● **TASK OBJECTIVE**
Give again only what runs from the line with "Image of Amorphophallus" to the final line of the entries below, exactly as written and without pictures.

** PROVIDED DATA follows **

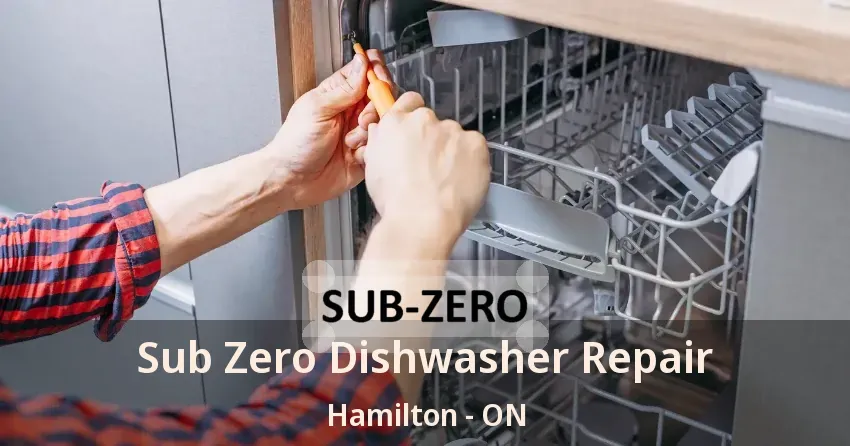Sub Zero Dishwasher Repair Hamilton - ON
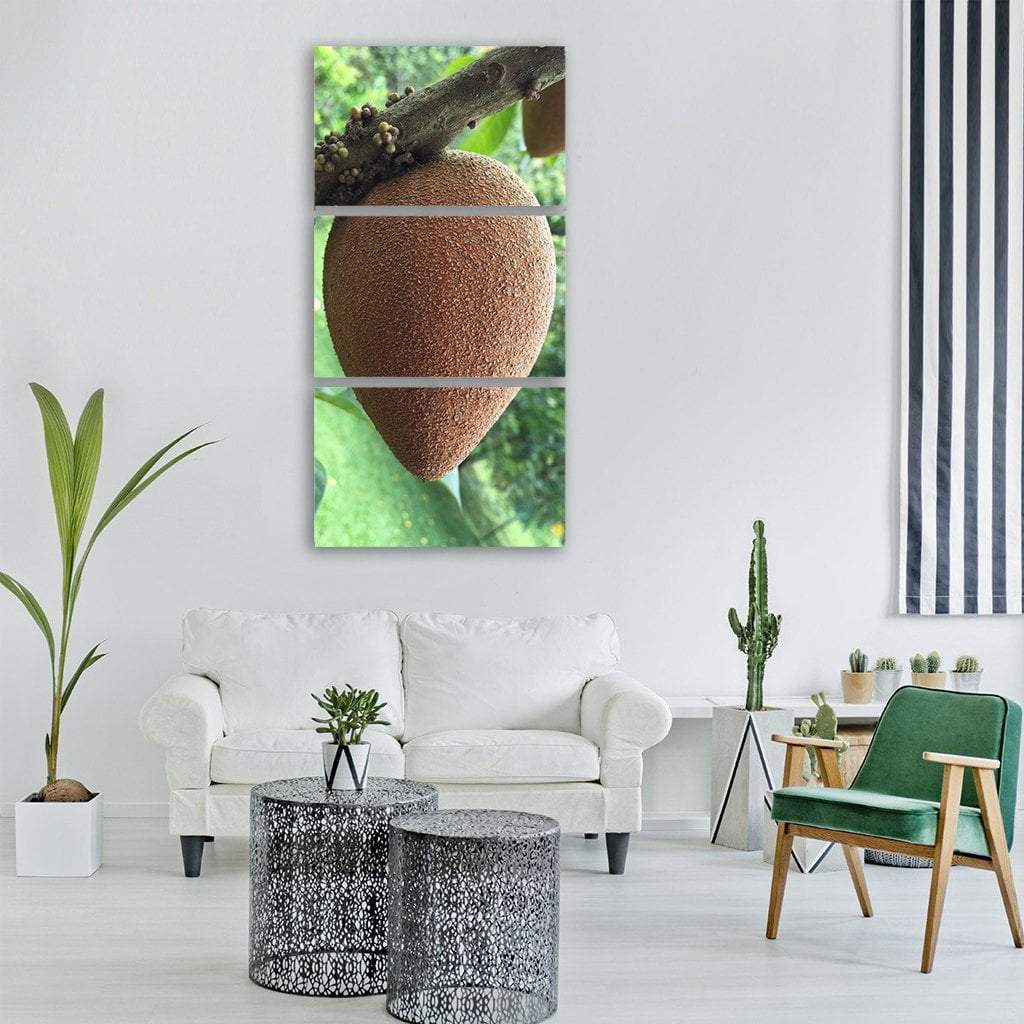 Tropical Apple Sapote Fruit Vertical Canvas Wall Art-3 Vertical-Gallery Wrap-12" x 25"-Tiaracle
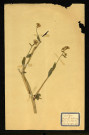 Sinapis arvensis L. (Moutarde des champs), famille des Crucifères, plante prélevée à Dromesnil (Champs), 4 juin 1938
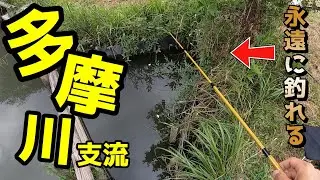 多摩川支流でタナゴ探し！できれば釣りたい！【野川で小物釣り】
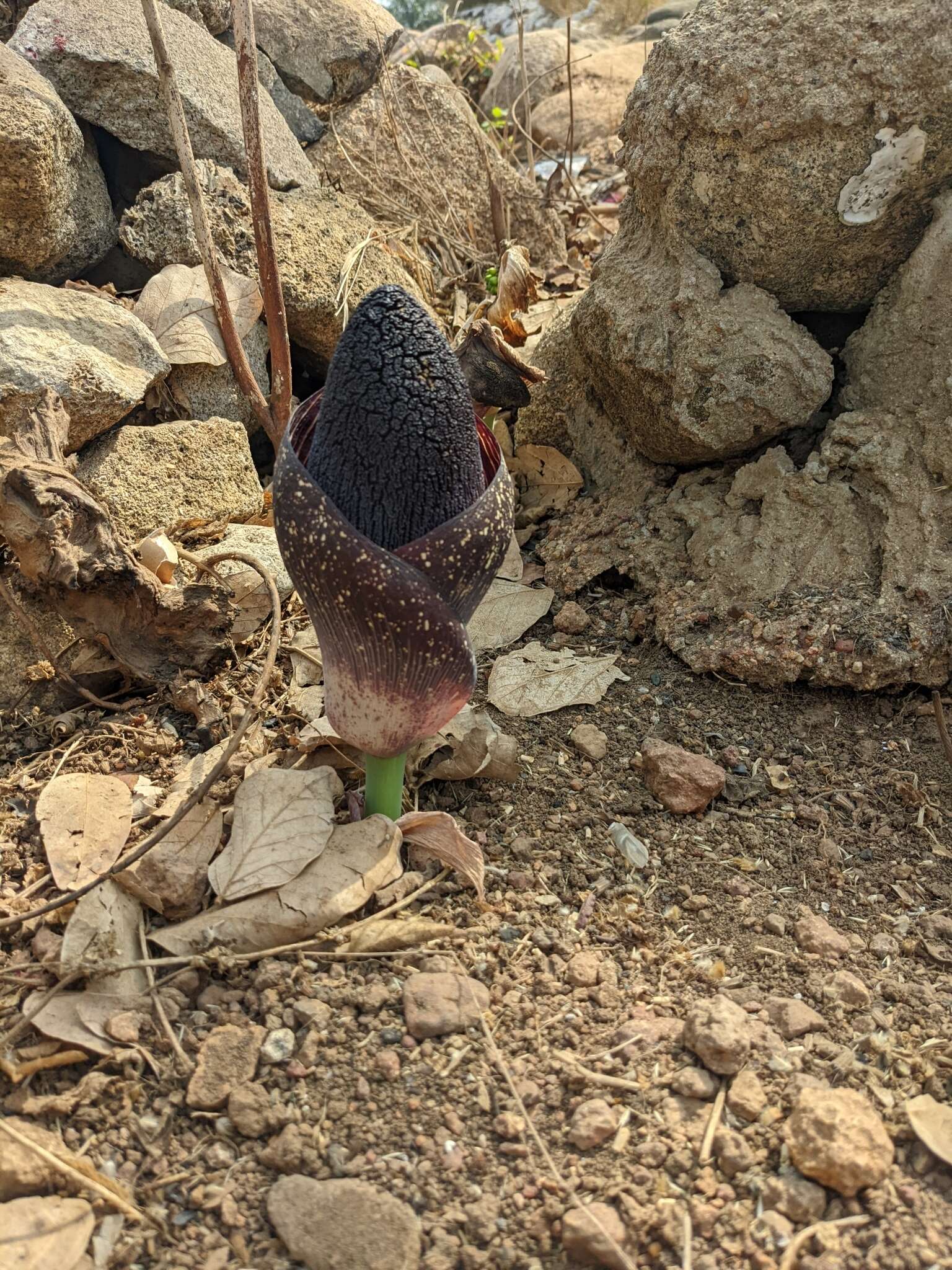 Image of Amorphophallus aphyllus (Hook.) Hutch.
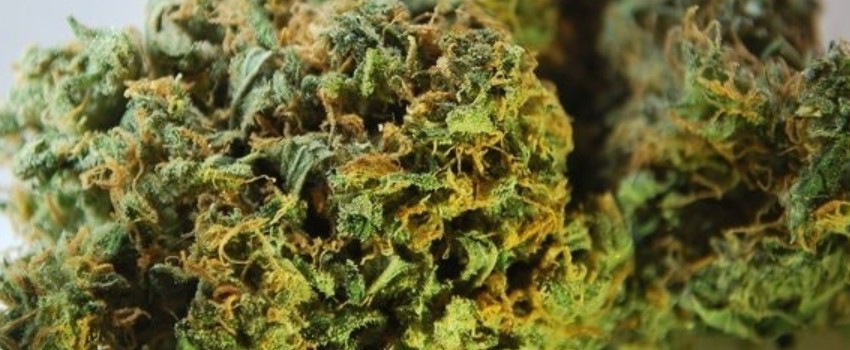 Lemon Fire Medical
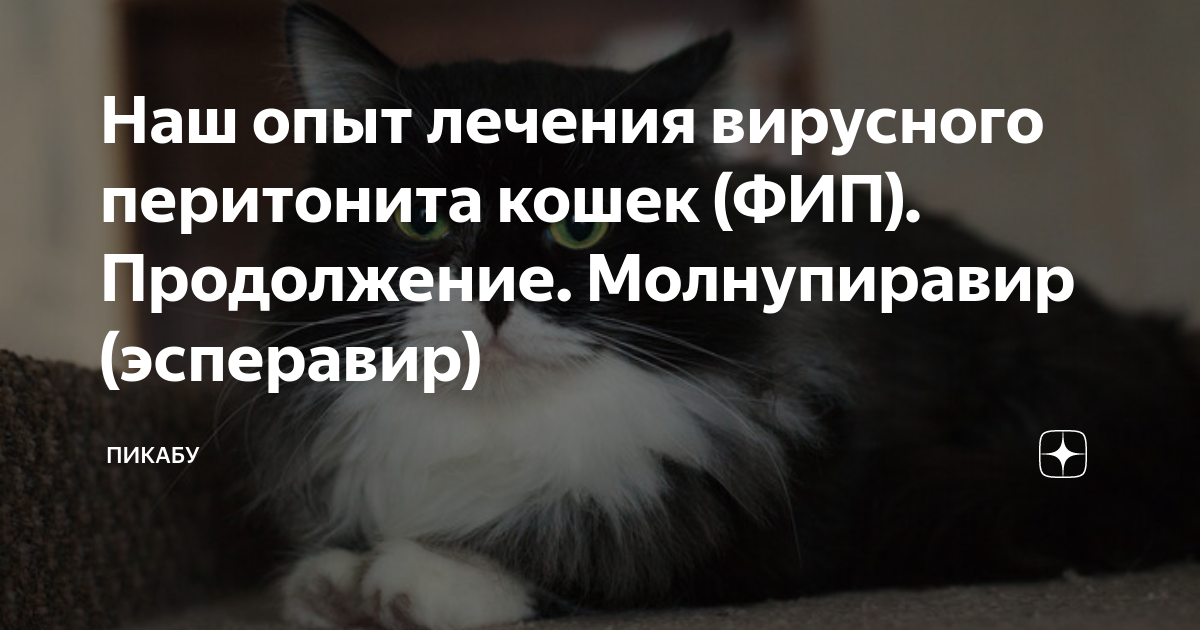 Кашеобразный стул у кота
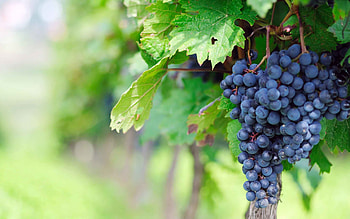 Grapes , Beautiful backgrounds, Digital art, Visual delight HD wallpaper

** End of PROVIDED DATA **

● **YOUR SOLUTION**
 Image of Amorphophallus aphyllus (Hook.) Hutch.
 Lemon Fire Medical
 Кашеобразный стул у кота
 Grapes , Beautiful backgrounds, Digital art, Visual delight HD wallpaper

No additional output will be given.